INGREDIENTS : (makes 6 Schnitzel cutlets)
- 2 full size Chicken Breasts, OR, 6 thin cut Chicken Breasts
- 2-3 Eggs, whisked together in a bowl
- 1 cup All Purpose Flour
- 1 TB (Tablespoon) Onion Powder
- 1 TB Garlic Powder
- 1 tsp (teaspoon) Salt
- 1 tsp Pepper
- 1 tsp Paprika
- 1-2 cups Panko Breadcrumbs or Breadcrumbs of choice
- Oil for frying
STEPS :
- Prep your ingredients. Season your flour with salt, pepper, onion powder, garlic powder and paprika. Set aside. In a bowl, mix together your eggs. In a third separate plate, bowl or tray, add your breadcrumbs. You can season your breadcrumbs with the same seasonings, in the same quantities, as your seasoned flour.
- Either purchase pre-sliced thin chicken breasts OR cut regular sized breasts into 3 thin slices each. Use a meat tenderizer or rolling pin to pound each meat slice very thin. Be careful not to over beat your meat, 😉 , otherwise it will break apart when you’re breading it. Begin heating your oil up in your pan over medium to medium-high heat.
- Coat your thin meat slice in seasoned flour, then dip into your egg mixture, then lay on your breadcrumbs and coat both sides. Lay directly into your warmed up oil and pan fry until golden. This typically takes 3-4 minutes per side. Remove from oil and set on paper towels to drain excess oil, or just put on a plate!
- Repeat the steps until all of your meat is cooked. If you run out of breadcrumbs, do a double dip in the flour. This means you will coat your bare thin meat slice in flour, then dip into your egg mixture and then back into your seasoned flour. Enjoy!

Prep your ingredients. Season your flour with salt, pepper, onion powder, garlic powder and paprika. Set aside. Have a separate plate, bowl or tray with your breadcrumbs as well. Season your breadcrumbs if you wish as well.

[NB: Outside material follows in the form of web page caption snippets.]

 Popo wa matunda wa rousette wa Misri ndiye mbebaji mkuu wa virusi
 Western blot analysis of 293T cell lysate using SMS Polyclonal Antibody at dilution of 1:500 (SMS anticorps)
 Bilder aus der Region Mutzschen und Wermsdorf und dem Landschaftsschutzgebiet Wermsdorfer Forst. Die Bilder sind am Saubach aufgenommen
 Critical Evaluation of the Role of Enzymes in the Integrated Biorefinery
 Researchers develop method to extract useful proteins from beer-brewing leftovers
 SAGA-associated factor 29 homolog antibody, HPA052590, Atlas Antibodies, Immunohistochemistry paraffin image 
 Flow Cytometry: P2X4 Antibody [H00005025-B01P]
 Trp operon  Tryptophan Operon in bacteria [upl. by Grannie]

In a bowl, mix together your eggs. This will act as your glue in between breading stations.

Purchase pre-sliced thin chicken breasts OR slice full size chicken breasts into 3 thin slices. Then using a meat tenderizer of choice, or a rolling pin, beat your meat into very thin slices. Heat your oil up to medium or medium-high heat.

Coat your thin meat slices in your seasoned flour, then dip into your egg mixture, then coat in your breadcrumbs.

Once coated, lay in your warmed up oil and cook for 3-4 minutes per side, or until golden brown.

Once golden browned, lay on plate and enjoy!